■ EXERCISE DETAILS: Beginning with the line that includes "wavy background with", return every remaining line of the material exactly as it reads, but not the pictures.

■ DATA TO EXAMINE:
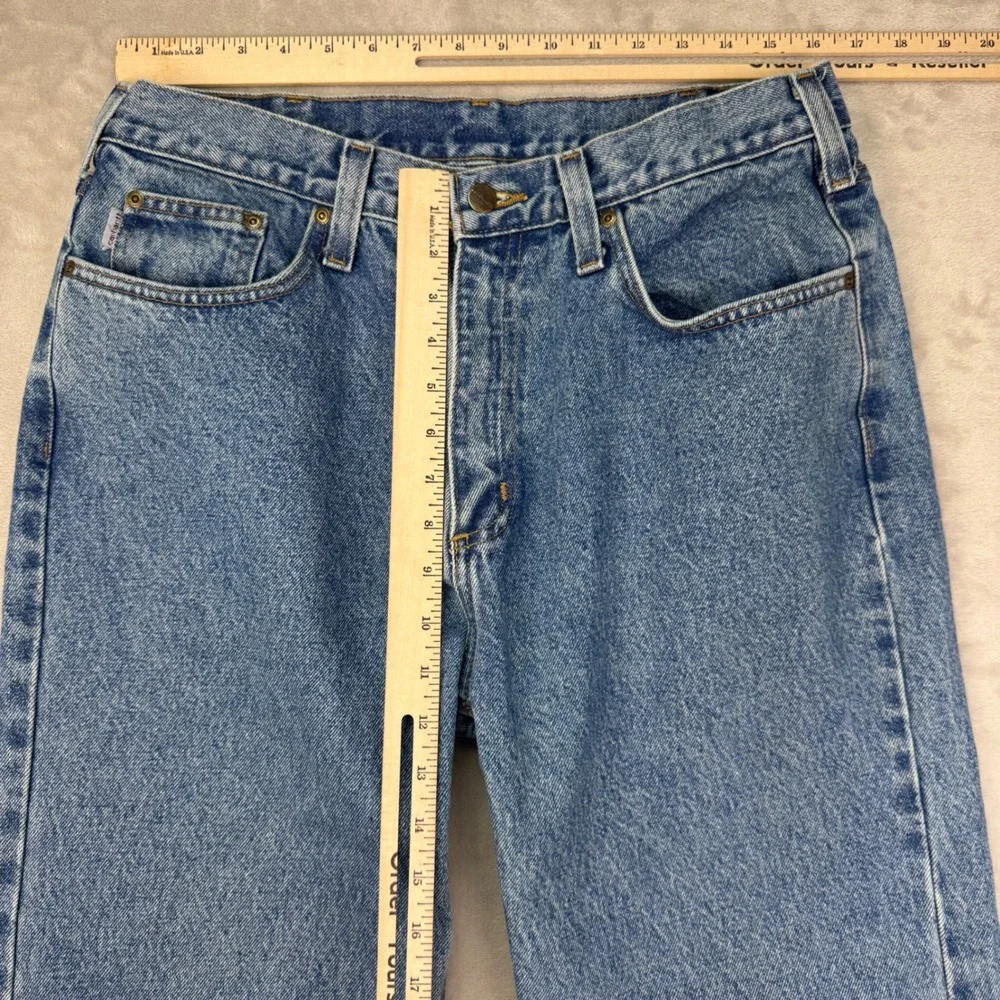 Vtg Carhartt Jeans Mens 34x34 (32x34) Blue Relaxed Straight Fit Workwear Denim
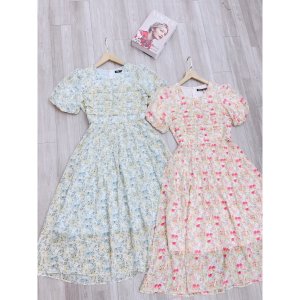 VÁY HOA 2 MÀU LI TƠ NỔI TAY BỒNG-7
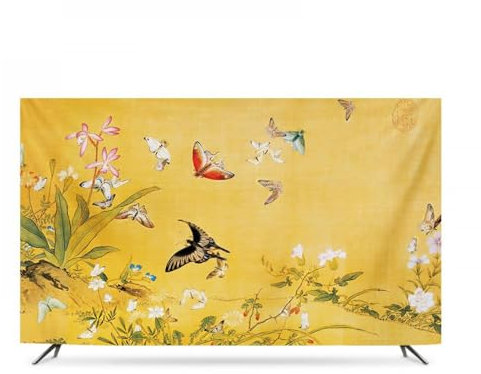 HSTANGKY TV Abdeckung TV Staubschutzhüllen Atmungsaktive Weiche Stoffschutzhülle Universal Displayschutzfolie Für LED/LCD Fernseher Für Schlafzimmer Und Wohnzimmer-Gold3||58-60inch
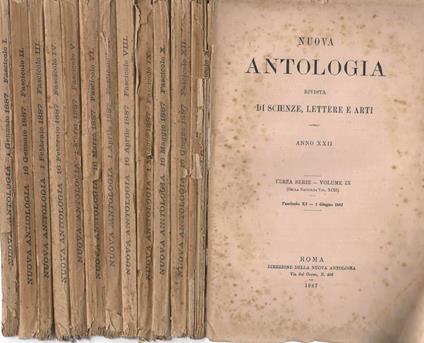 Nuova antologia 1887. Rivista di lettere scienze ed arti - copertina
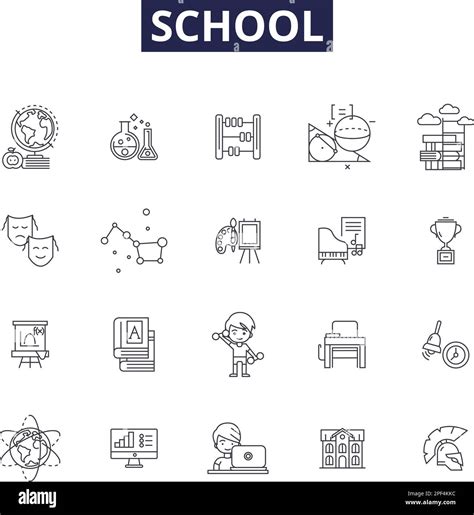School line vector icons and signs. Education, Teacher, Learning ...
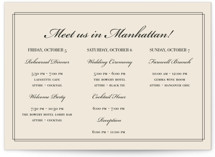 Uptown Formal Petite Wedding Weekend Itinerary Cards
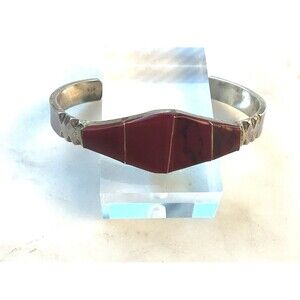 Vintage Sterling Bangle Taxco Mexico Red Jasper Silver 925 Bracelet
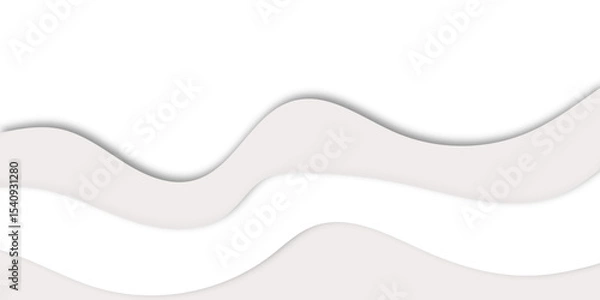 Obraz "Abstract wavy background with layered white and light gray curves. Minimalistic design ideal for banners, presentations, or modern web layouts. Clean, flowing lines create a smooth, elegant effect"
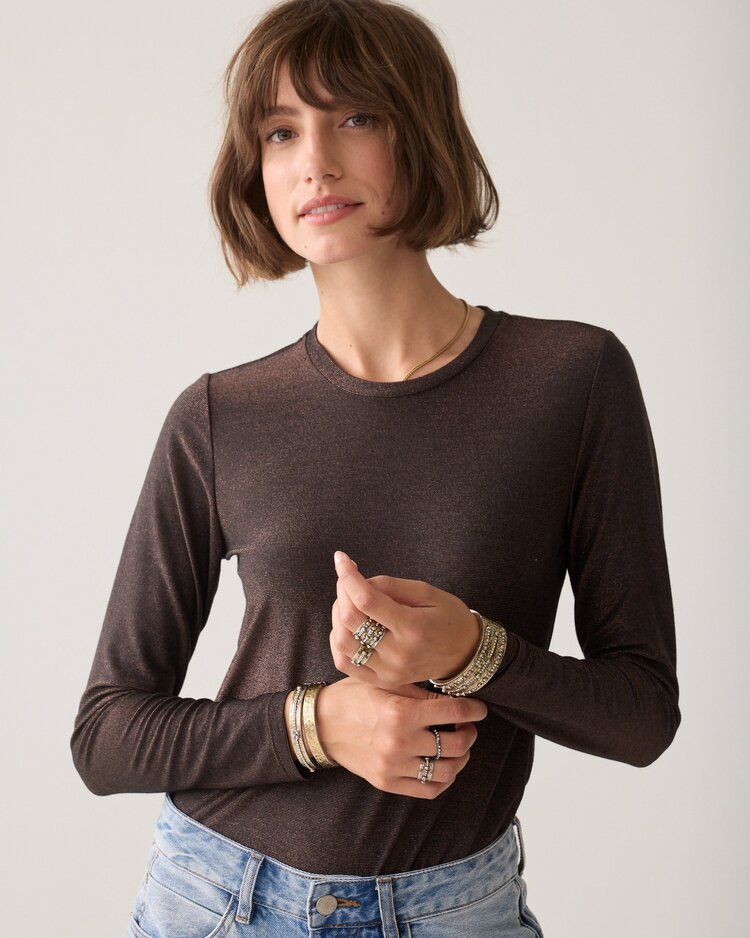 Summum Woman Top soft lurex dark chocolateSummum Woman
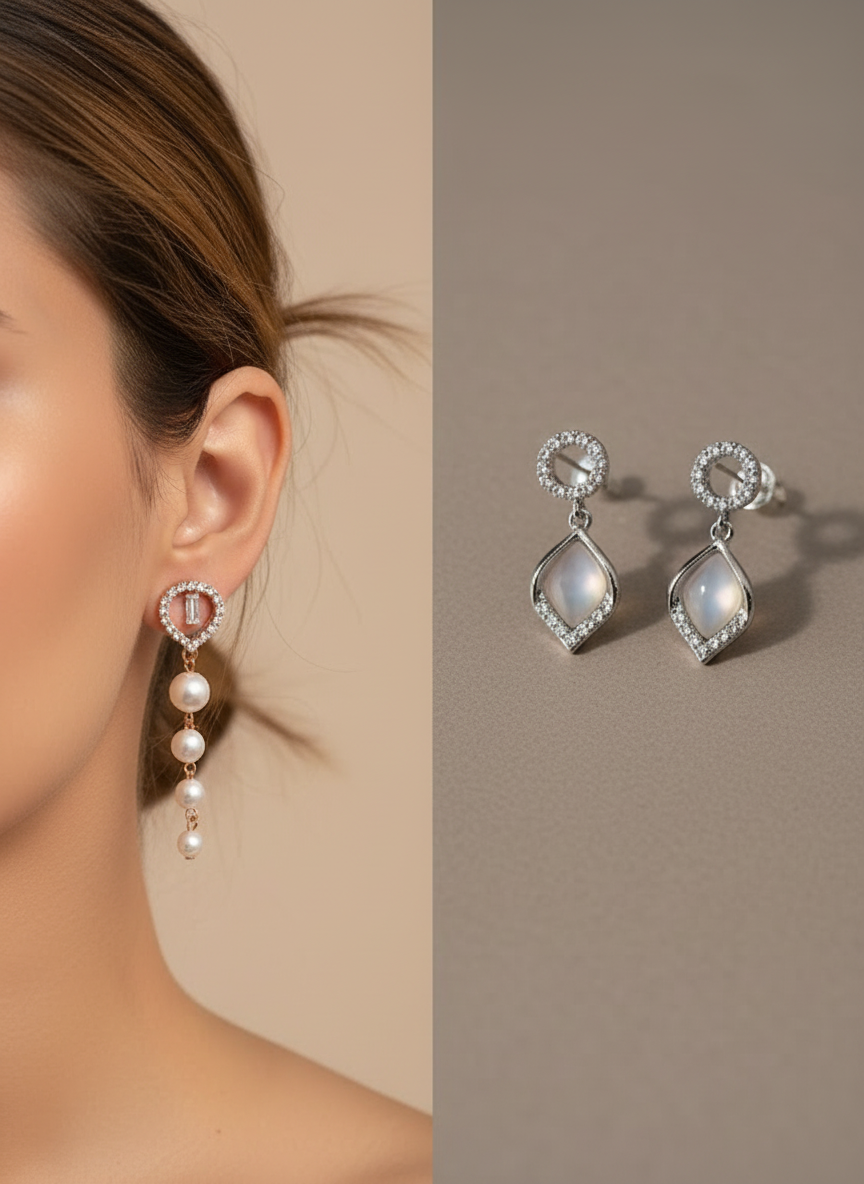 Hair Clips & Earrings Combo - 6 Piece Set | 4 Claw Clips + 2 Earring Pairs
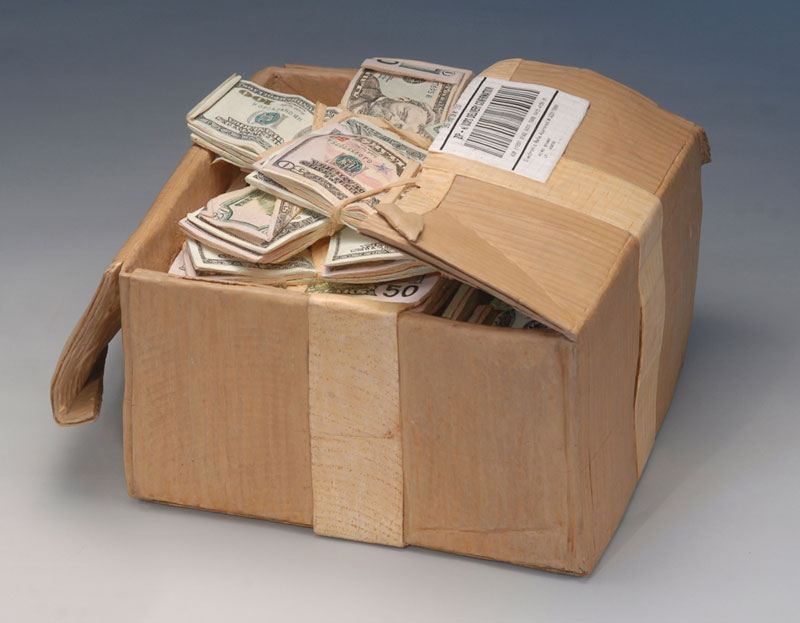 randall rosenthal carves a block of wood into a box of money (19)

■ RESULT OF THE EXERCISE:
 Obraz "Abstract wavy background with layered white and light gray curves. Minimalistic design ideal for banners, presentations, or modern web layouts. Clean, flowing lines create a smooth, elegant effect"
 Summum Woman Top soft lurex dark chocolateSummum Woman
 Hair Clips & Earrings Combo - 6 Piece Set | 4 Claw Clips + 2 Earring Pairs
 randall rosenthal carves a block of wood into a box of money (19)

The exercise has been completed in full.